The freeze timing changes depending on the pytorch dataloader’s num_workers setting. For example, if I set num_workers to 0, the learning will freeze after 7 epochs, but if you set num_workers to 2, it will freeze in the middle of 1 epoch.
Similarly, if I change batch_size, the freeze timing will also change.
VRAM is 24 GB and RAM is 128 GB, so I do not consider this to be a resource shortage.

Since “torch.cuda.is_available()” returns true, the GPU is recognized. Also, the calculation “torch.zeros([2,2]).cuda() * 2” was completed without the PC freezing.

Training was executed using these codes.
It works in kaggle notebook and colab, so there shouldn’t be any bugs in the code itself.

I’ve tried various nvidia-smi and cuda versions, but the same error occurs.
I also tried kaggle docker image, but the same error occurs.

I don’t know if there is a problem with the hardware itself, a bad driver, or a bad OS setting. Please help if anyone encountered the same error.

@Kinosuke Have you solved this problem? I am experiencing a similar issue.

My environment is:

  • OS : Ubuntu 22.04
  • Device : Two GeForce RTX 4090
  • Nvidia-driver : 545.23.08
  • cuda : V12.3.107
  • python : 3.10.12
  • torch : 2.1.2+cu121

The system randomly freezes during training and needs to be physically rebooted. This issue occurs regardless of the num_workers settings and is observed in both single GPU and two GPUs with DDP cases.
I have tried different combinations of Nvidia drivers (530, 535, and 545), CUDA versions (11.8, 12.1, and 12.3), and PyTorch versions (12.0.1 and 12.1.2), but all exhibit the same problem.

@taemin.cho

Your issue is very similar to mine.

The same issue occurred when training there with windows on the same machine. Also, when I tried to run a GPU benchmark test software, the software would stop.

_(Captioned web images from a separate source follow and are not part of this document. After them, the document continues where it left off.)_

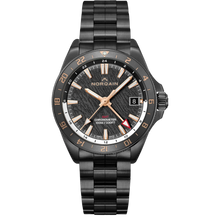  NEVEREST GMT Glacier 41mm DLC Grey & Gold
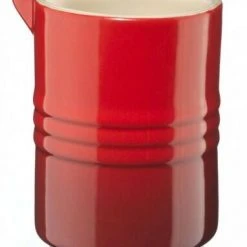 Le Creuset Milchkännchen 0,15 Liter In Kirschrot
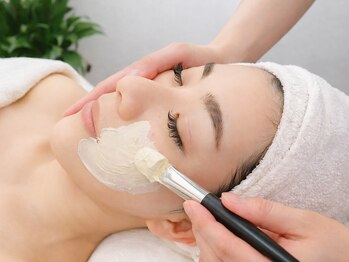 オートクチュール エステティックサロン シーズの写真/【本気で肌を変えたい方へ】その場しのぎでは終わらせない「肌と向き合う」フェイシャルケア。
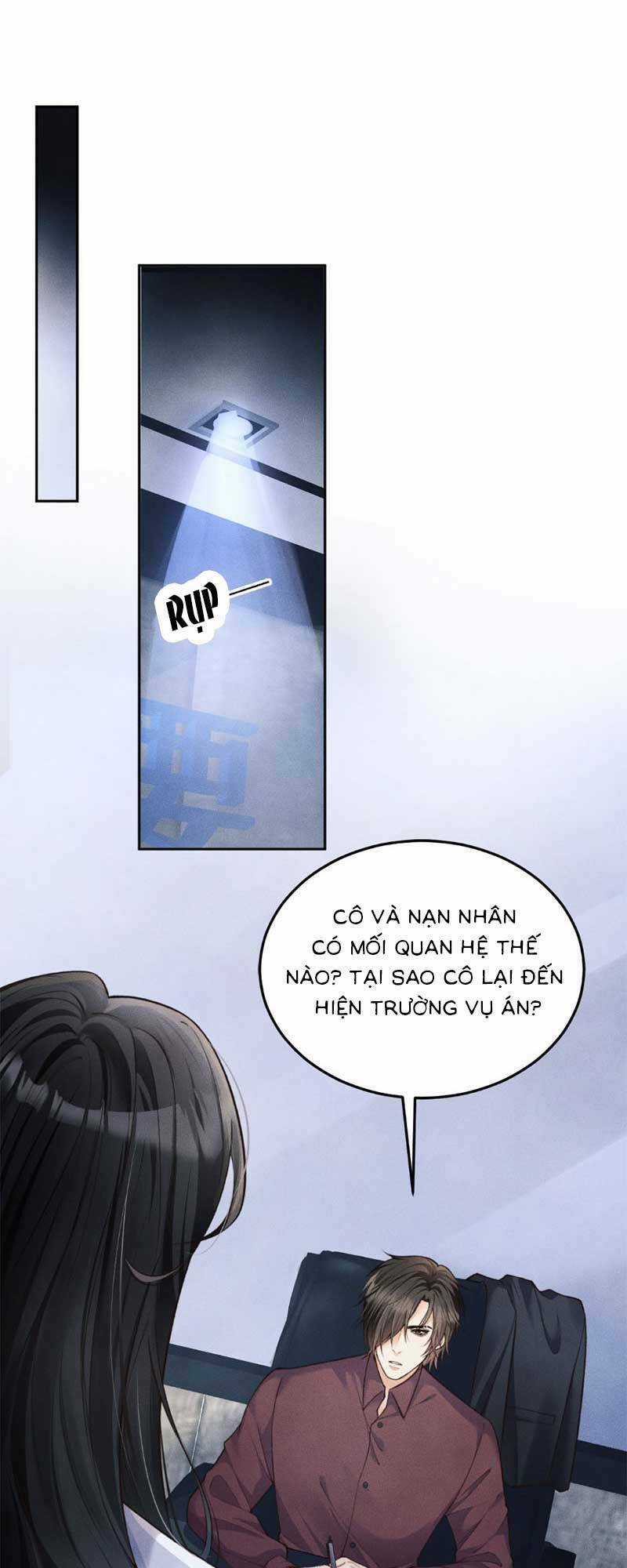 Điệp Sát - Chapter 1.1 - Trang 18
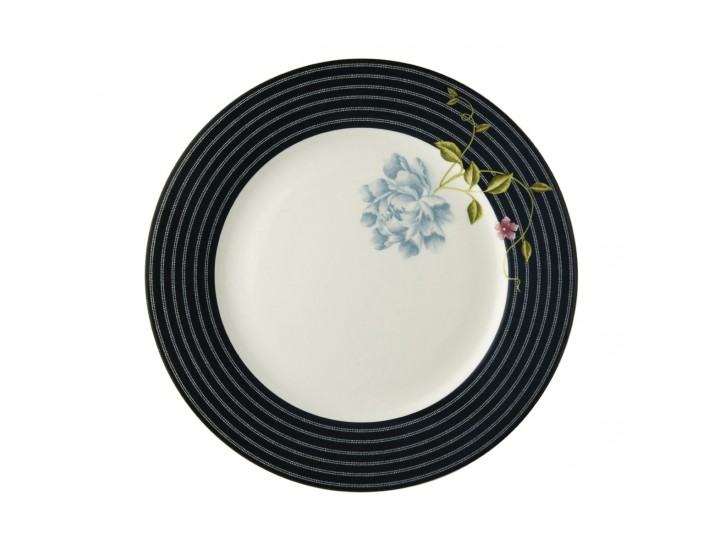 Тарелка 26см Laura Ashley MIDNIGHT CANDY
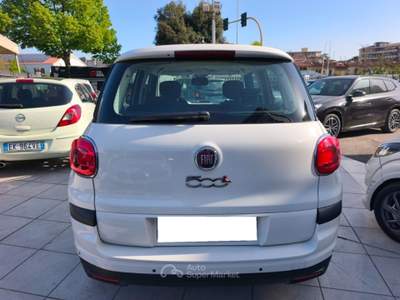 Fiat 500L 1.3 Multijet 95 CV Neo Patentati Telecamera Bianco usata Firenze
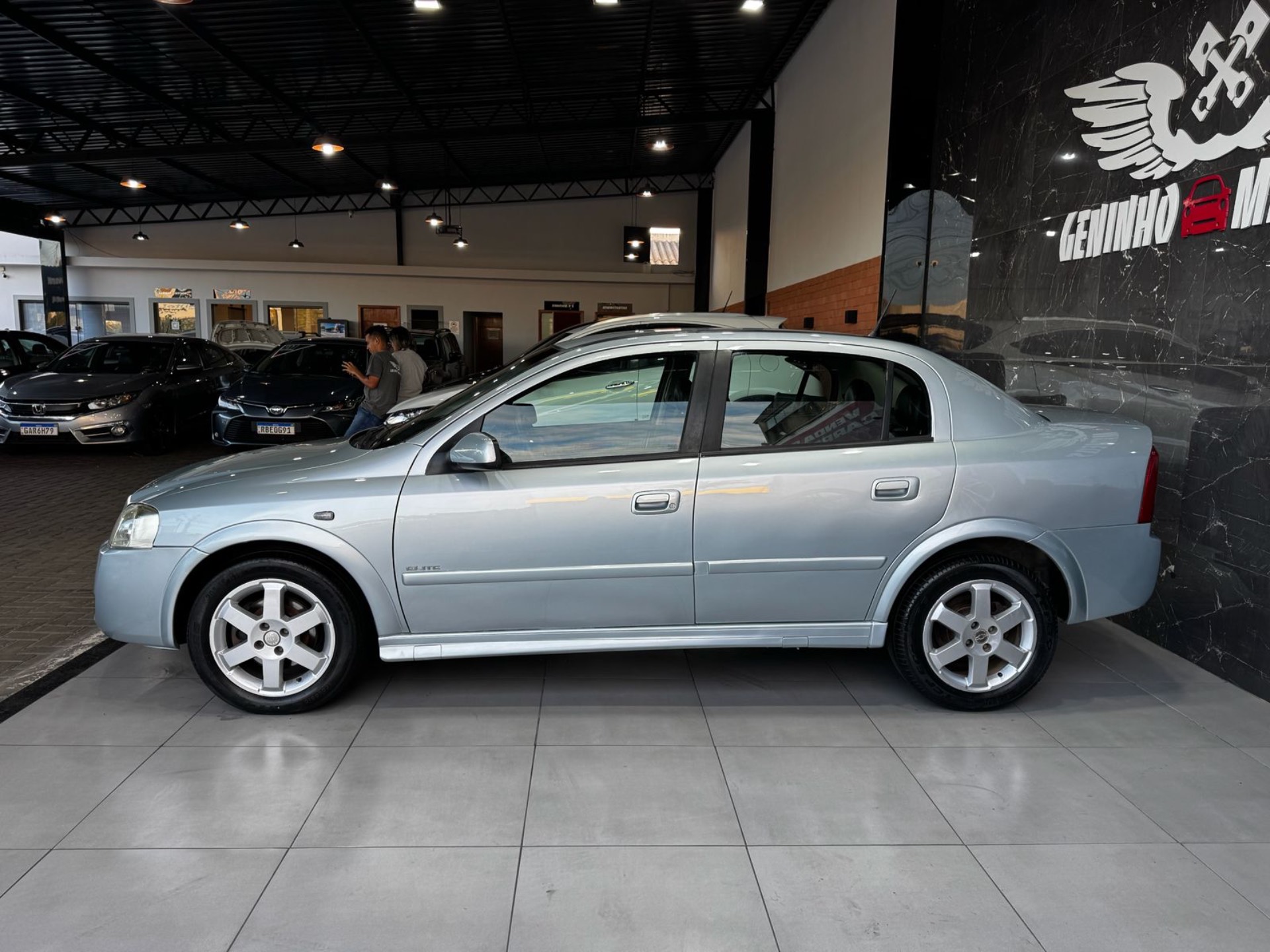 CHEVROLET ASTRA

I sent the Desktop to the store where I purchased it for repair and they acknowledged the hardware failure and replaced the 4090 at no charge.

I believe your GPU may have a similar Hardware failure. I recommend that you have it looked at as soon as possible, as it can be replaced free of charge within a year of purchase.

Hi,
I have also experienced the same issue and we have exactly the same setup, OS, drivers, GPU etc. One issue I recently find is that, the cpu cooler is not reading the cpu temperature correctly in my case, and it won’t work even when my device is in very heavy load. My fans do not even make any noises when I stress test my cpu, and I think that’s the reason why desktop freezes – due to cpu lockup under high temp.

My temporary solution is to set my liquid cooler to always run at maximum capacity through an API in my dual boot windows. please let me know if you have got any better solutions, it will be very apprecaited.